- [Dataset]
※ ※ ※
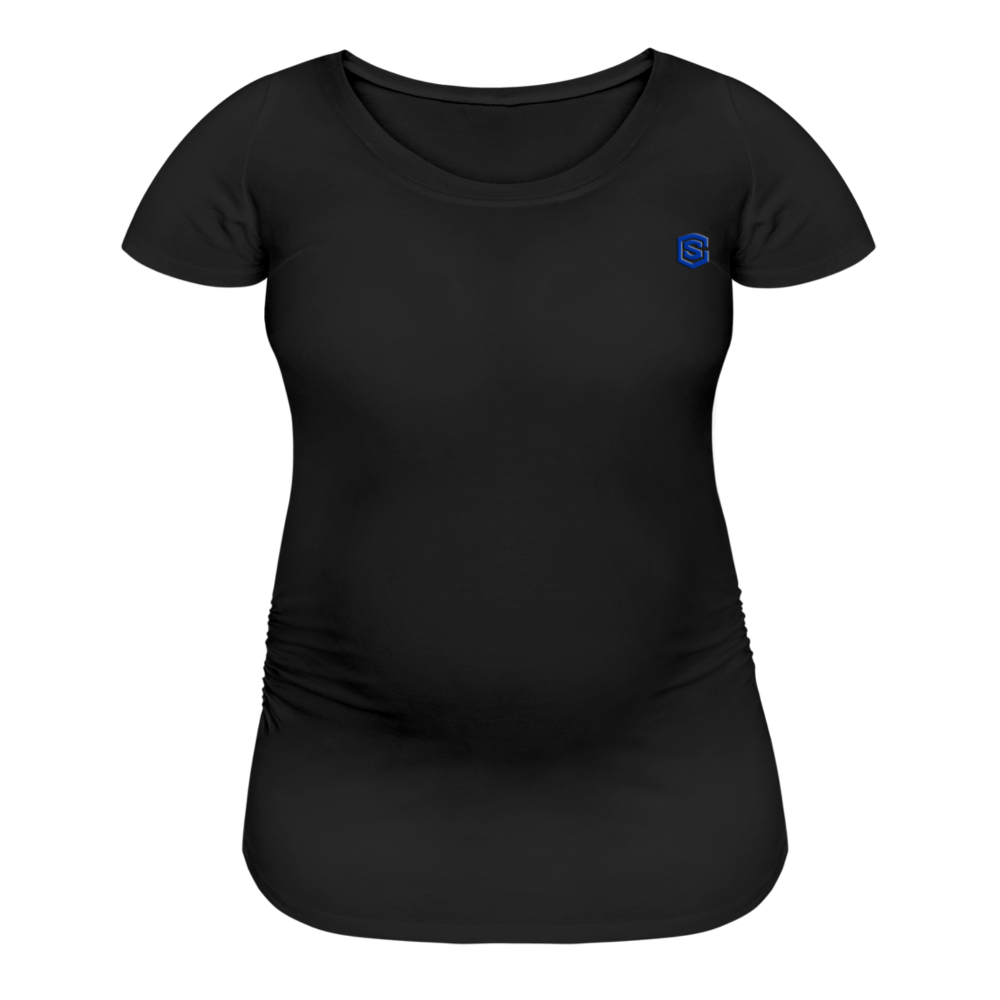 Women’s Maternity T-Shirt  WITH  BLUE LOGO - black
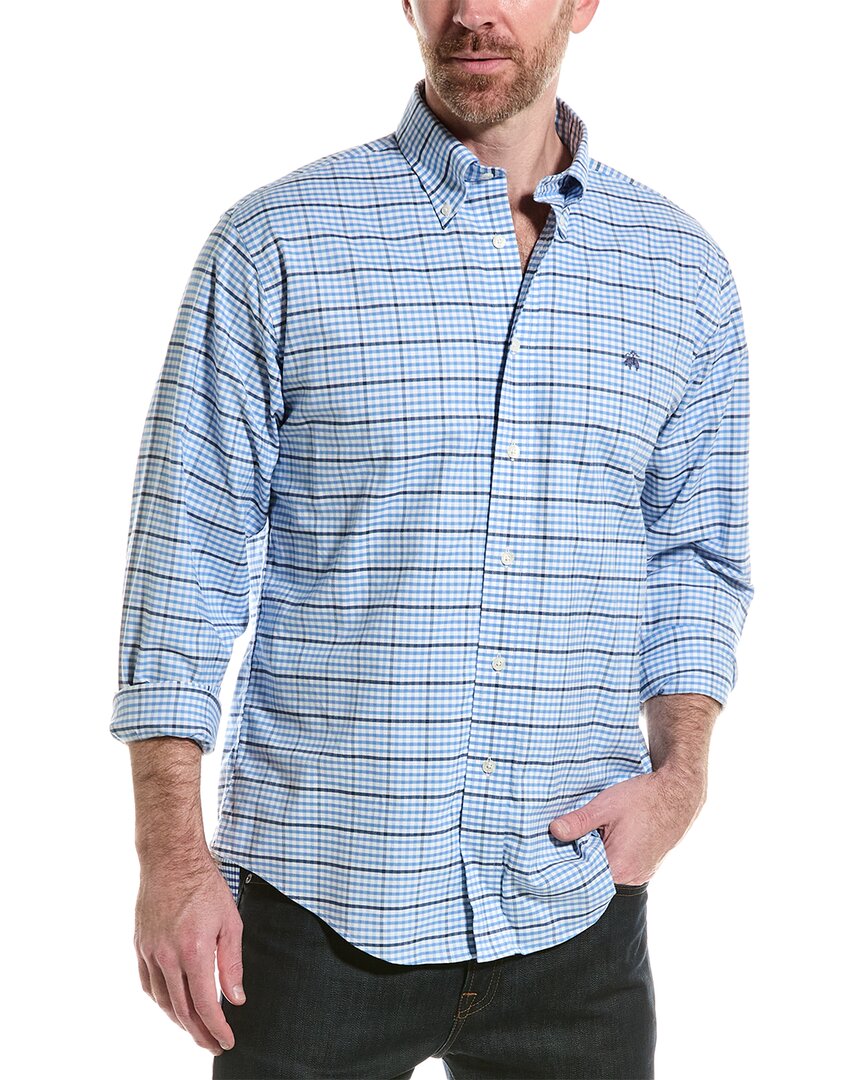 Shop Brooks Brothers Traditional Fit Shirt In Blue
※ ※ ※
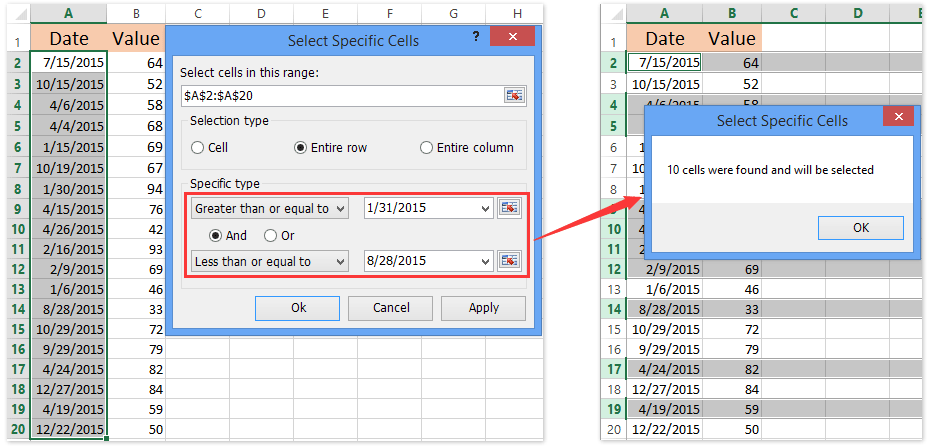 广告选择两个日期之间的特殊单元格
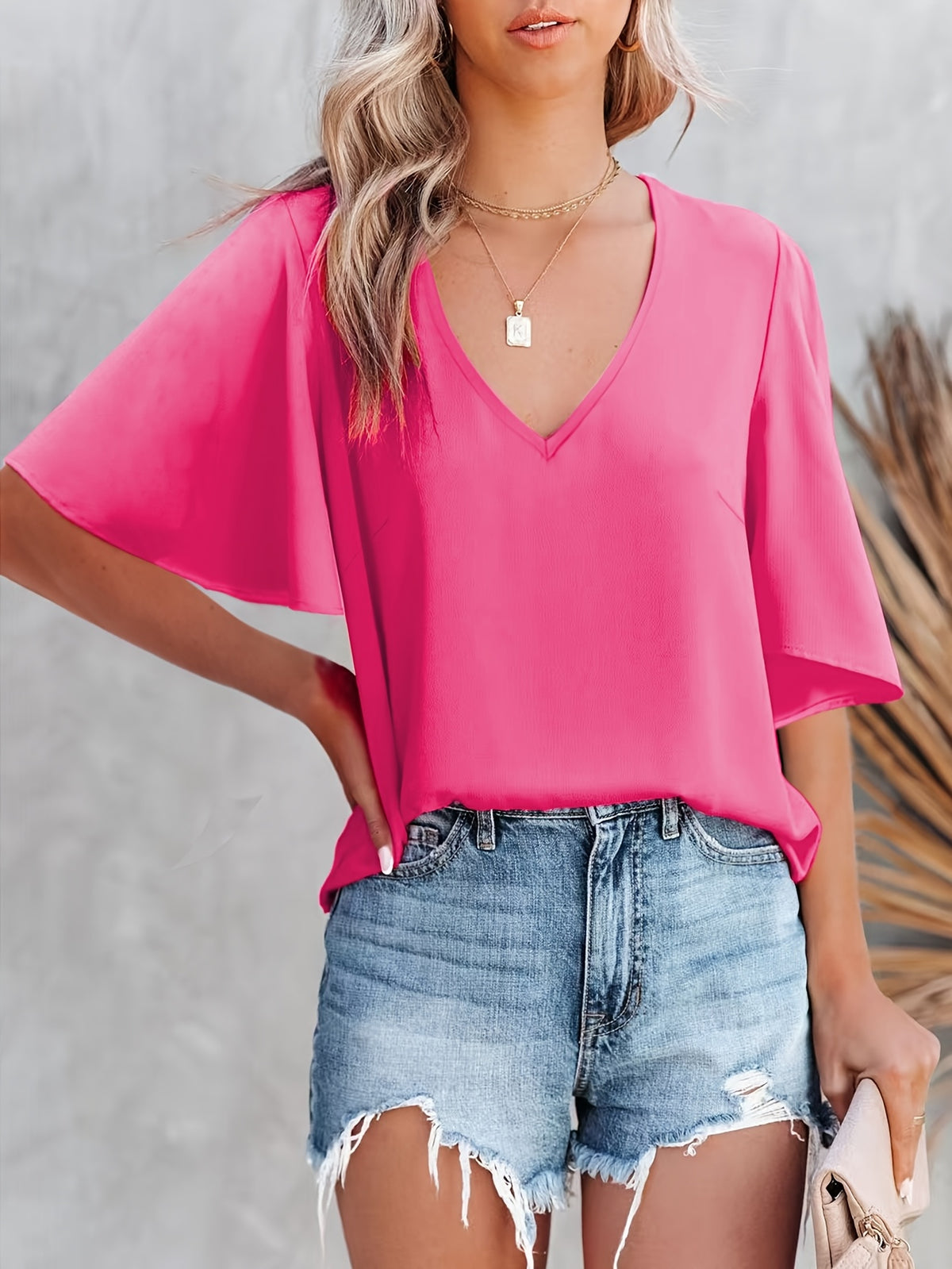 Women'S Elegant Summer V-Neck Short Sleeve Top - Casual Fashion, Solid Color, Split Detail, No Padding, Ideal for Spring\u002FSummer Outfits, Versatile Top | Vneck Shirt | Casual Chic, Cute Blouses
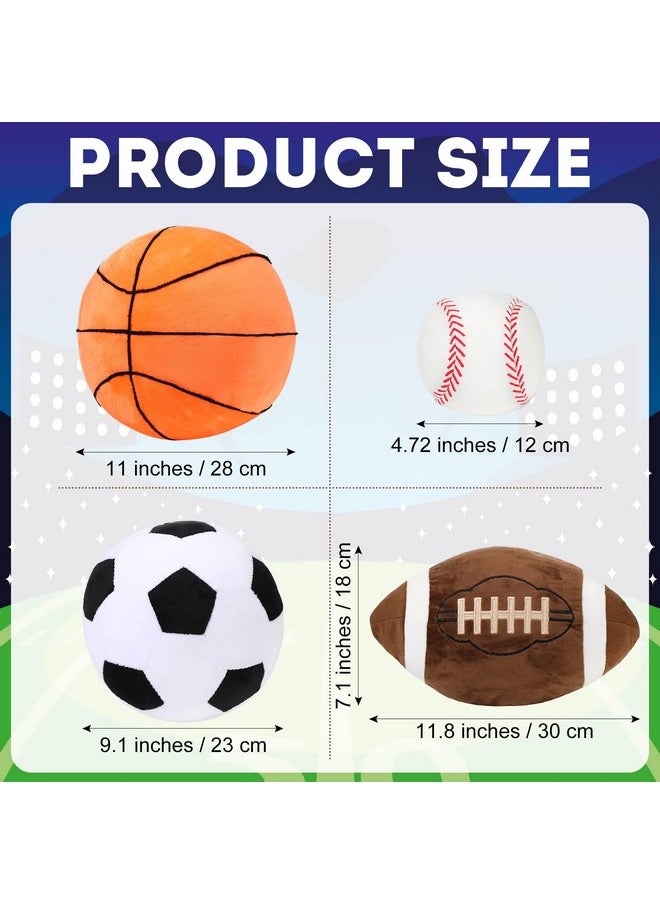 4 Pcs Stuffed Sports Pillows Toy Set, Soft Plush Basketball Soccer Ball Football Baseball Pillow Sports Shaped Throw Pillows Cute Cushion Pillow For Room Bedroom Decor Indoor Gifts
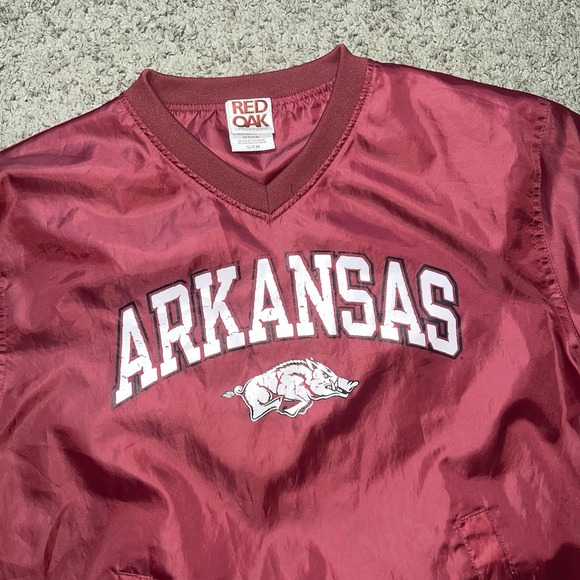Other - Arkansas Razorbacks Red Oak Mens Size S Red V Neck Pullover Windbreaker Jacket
※ ※ ※
- [Task objective] Print, word for word, the lines above that run from the line containing "Women'S Elegant Summer" to the line containing "Other - Arkansas", both included. Keep the pictures out.

- [Completed task]
 Women'S Elegant Summer V-Neck Short Sleeve Top - Casual Fashion, Solid Color, Split Detail, No Padding, Ideal for Spring\u002FSummer Outfits, Versatile Top | Vneck Shirt | Casual Chic, Cute Blouses
 4 Pcs Stuffed Sports Pillows Toy Set, Soft Plush Basketball Soccer Ball Football Baseball Pillow Sports Shaped Throw Pillows Cute Cushion Pillow For Room Bedroom Decor Indoor Gifts
Other - Arkansas Razorbacks Red Oak Mens Size S Red V Neck Pullover Windbreaker Jacket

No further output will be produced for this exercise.